:: Task directions ::
Wherever "Wheel" turns up in the entries, copy out the line that holds it.

:: Given data ::
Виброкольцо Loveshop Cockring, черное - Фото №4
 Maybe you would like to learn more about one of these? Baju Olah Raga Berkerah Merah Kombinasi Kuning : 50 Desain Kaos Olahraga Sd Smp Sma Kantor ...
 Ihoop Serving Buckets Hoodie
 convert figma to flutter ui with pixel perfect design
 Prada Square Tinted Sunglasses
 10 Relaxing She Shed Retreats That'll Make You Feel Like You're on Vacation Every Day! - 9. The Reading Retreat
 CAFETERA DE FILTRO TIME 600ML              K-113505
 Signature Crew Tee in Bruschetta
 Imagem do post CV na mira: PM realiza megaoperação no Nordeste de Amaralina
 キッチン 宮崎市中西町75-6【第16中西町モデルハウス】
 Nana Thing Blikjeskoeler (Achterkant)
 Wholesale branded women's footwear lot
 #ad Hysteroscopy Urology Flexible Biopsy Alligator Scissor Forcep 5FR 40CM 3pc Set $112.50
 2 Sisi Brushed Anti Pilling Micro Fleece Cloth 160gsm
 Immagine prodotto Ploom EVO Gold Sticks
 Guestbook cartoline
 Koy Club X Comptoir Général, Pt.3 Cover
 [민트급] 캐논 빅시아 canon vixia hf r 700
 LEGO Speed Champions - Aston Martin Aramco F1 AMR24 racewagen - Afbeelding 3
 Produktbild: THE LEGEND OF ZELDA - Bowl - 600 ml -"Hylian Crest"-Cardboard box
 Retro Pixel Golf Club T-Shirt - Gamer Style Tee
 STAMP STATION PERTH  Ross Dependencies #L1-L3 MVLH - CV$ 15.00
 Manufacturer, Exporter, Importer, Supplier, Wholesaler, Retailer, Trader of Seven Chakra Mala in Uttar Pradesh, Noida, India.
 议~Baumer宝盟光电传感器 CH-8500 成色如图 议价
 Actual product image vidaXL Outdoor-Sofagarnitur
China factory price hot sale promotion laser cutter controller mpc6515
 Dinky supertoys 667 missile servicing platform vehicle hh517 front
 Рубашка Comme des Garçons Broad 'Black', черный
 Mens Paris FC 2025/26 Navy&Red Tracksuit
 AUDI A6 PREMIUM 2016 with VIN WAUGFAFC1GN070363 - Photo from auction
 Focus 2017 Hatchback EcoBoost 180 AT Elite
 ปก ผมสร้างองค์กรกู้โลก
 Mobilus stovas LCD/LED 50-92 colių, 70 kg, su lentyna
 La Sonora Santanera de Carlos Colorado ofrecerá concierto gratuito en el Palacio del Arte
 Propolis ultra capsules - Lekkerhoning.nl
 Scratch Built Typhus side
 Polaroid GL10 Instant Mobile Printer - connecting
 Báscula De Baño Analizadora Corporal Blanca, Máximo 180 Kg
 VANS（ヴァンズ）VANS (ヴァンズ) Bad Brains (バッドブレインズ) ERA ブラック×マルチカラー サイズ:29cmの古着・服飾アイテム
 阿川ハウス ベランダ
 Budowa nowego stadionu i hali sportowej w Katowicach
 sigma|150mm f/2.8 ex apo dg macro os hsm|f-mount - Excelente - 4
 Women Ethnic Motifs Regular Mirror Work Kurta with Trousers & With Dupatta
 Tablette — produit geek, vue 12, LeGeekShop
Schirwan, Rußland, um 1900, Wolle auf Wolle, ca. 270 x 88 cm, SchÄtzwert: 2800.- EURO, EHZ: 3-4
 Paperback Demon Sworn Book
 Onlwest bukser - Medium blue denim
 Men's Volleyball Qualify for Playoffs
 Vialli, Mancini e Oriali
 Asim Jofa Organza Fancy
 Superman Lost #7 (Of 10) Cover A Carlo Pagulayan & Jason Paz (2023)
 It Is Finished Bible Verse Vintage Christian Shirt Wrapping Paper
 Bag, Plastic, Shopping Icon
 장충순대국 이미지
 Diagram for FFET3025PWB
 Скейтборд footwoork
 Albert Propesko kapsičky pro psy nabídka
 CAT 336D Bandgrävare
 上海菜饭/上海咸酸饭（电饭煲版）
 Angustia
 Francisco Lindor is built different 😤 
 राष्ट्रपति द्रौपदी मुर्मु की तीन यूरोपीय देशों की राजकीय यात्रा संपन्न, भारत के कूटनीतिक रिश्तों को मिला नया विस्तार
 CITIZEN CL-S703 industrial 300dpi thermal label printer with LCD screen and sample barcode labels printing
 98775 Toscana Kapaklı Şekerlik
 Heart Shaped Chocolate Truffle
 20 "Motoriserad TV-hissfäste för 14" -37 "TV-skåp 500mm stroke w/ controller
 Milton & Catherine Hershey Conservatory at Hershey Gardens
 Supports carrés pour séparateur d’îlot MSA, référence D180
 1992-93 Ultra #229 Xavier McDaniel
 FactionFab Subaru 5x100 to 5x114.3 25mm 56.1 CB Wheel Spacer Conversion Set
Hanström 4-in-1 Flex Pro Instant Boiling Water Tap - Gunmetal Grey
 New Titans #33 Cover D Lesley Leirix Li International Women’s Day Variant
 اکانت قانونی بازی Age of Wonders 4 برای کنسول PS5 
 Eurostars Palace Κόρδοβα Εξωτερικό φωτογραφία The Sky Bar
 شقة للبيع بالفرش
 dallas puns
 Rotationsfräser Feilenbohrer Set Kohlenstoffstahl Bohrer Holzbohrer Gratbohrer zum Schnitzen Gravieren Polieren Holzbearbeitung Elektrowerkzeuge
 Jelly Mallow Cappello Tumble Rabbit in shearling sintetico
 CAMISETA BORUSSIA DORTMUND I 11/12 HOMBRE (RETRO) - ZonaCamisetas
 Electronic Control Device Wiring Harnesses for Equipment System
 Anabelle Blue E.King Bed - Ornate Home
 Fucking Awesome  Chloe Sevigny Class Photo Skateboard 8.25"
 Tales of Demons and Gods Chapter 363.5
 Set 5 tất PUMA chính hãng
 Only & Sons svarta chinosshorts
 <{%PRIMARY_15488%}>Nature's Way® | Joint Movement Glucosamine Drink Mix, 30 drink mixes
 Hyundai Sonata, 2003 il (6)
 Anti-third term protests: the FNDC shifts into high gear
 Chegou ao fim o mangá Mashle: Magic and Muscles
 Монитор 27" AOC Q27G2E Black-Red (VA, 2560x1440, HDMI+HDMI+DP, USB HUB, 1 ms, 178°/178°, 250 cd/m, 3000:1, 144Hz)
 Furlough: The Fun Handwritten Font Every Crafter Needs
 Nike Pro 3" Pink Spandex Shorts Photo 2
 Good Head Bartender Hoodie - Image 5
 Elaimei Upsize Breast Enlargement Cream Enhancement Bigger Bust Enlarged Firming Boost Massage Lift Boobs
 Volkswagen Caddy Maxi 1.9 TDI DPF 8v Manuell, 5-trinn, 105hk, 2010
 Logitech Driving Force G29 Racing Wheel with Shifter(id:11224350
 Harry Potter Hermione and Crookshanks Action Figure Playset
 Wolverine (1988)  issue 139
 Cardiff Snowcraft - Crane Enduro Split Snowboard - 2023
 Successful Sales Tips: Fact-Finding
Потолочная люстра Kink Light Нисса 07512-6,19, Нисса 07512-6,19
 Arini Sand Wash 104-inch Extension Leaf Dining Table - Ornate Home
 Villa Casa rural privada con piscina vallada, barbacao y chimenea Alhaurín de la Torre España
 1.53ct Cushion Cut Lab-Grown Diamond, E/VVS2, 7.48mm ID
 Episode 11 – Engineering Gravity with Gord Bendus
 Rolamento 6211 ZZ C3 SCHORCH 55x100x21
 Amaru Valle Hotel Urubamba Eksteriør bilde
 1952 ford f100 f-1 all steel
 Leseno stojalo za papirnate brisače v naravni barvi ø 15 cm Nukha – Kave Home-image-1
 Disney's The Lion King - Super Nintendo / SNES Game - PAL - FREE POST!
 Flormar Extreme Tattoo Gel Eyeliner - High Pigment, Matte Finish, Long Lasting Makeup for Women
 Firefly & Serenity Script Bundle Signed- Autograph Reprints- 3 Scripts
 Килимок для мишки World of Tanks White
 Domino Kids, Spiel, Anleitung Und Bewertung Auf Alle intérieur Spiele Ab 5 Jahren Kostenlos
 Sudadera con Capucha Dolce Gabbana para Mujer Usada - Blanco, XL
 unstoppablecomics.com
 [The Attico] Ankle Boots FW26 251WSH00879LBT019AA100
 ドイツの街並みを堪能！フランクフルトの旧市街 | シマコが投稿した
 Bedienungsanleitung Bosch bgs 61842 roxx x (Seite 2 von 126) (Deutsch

:: Solution to this problem ::
 FactionFab Subaru 5x100 to 5x114.3 25mm 56.1 CB Wheel Spacer Conversion Set
 Logitech Driving Force G29 Racing Wheel with Shifter(id:11224350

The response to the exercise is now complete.